The material below includes pictures; leave them out and return only the lines between the line containing "lot 1 image: John Deere 304H Wheel Loader" and the line containing "84 AVENIDA VENECCIA — photo 18 of 37", inclusive, word for word.
╭─ Supplied material
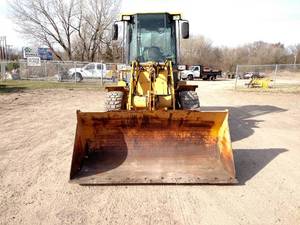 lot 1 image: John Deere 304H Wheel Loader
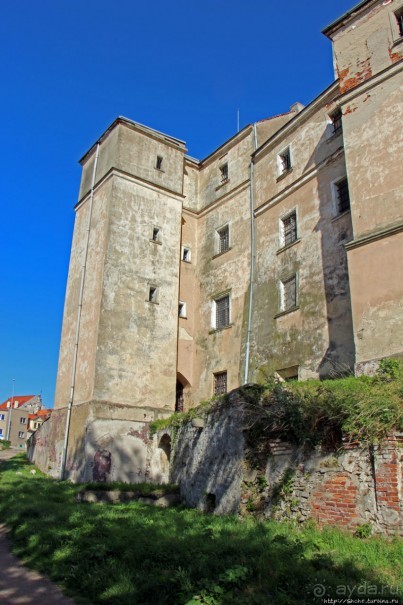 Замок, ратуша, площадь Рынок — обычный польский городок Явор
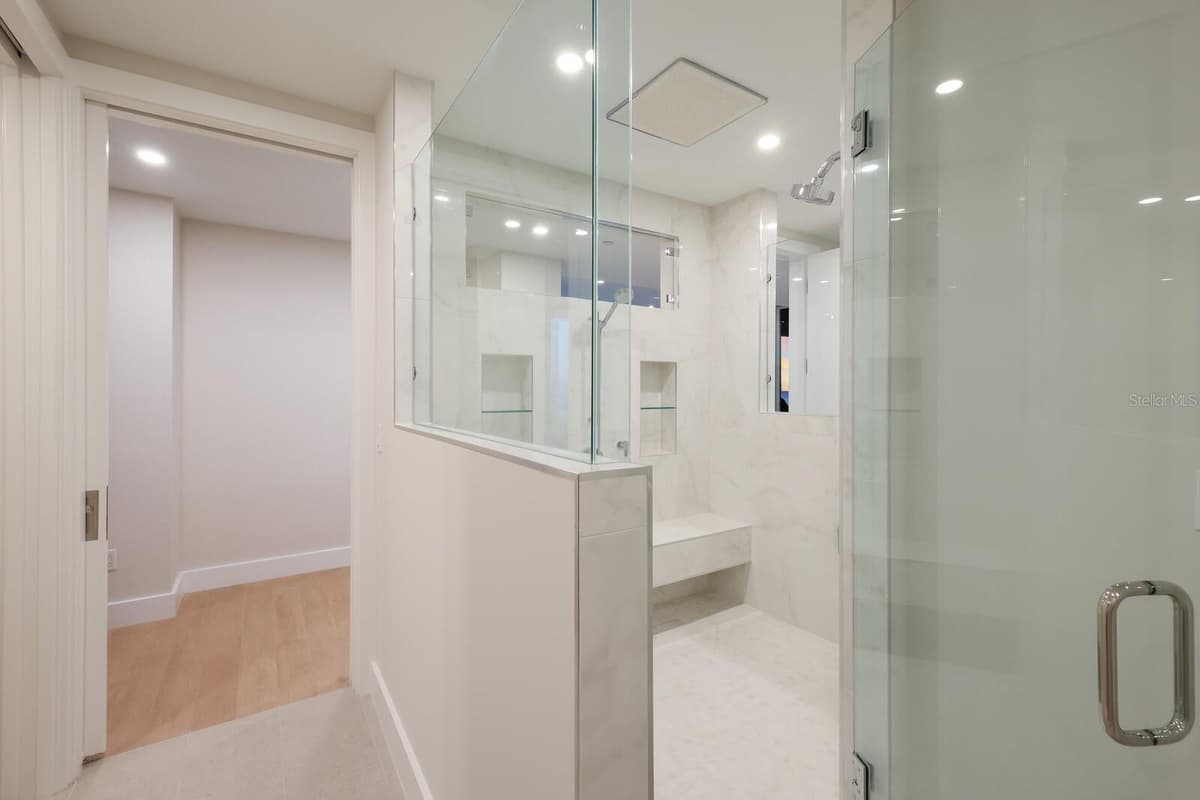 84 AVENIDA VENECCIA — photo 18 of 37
╰─
╭─ Supplied material
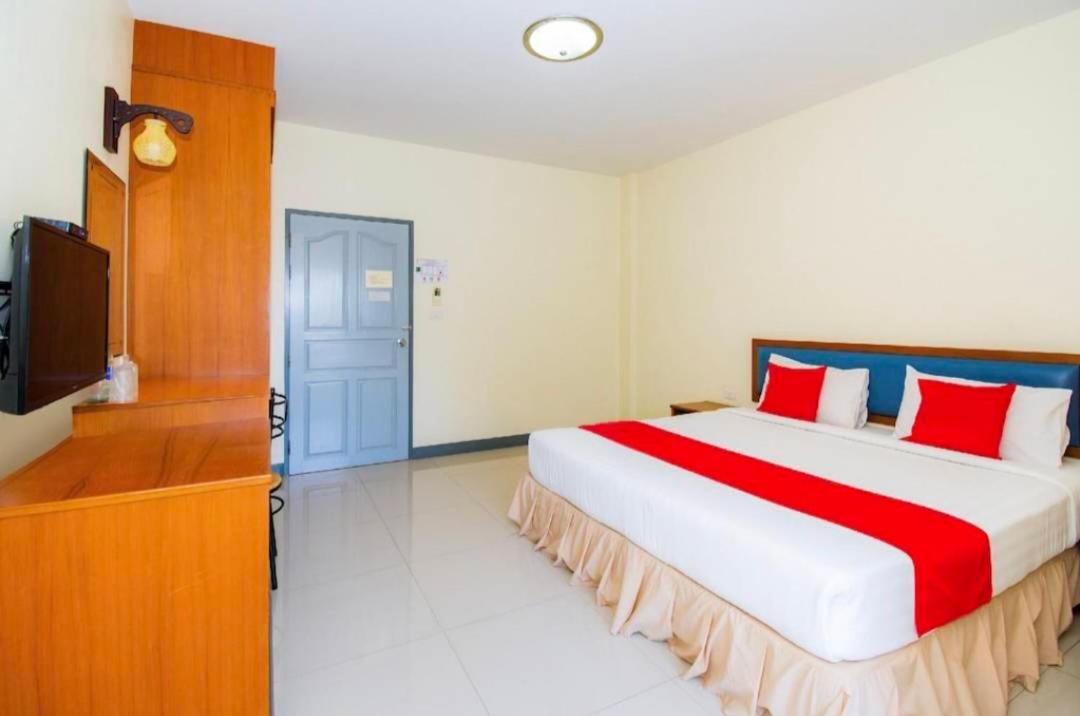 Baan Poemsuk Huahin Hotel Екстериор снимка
╰─
- [Answer]
 lot 1 image: John Deere 304H Wheel Loader
 Замок, ратуша, площадь Рынок — обычный польский городок Явор
 84 AVENIDA VENECCIA — photo 18 of 37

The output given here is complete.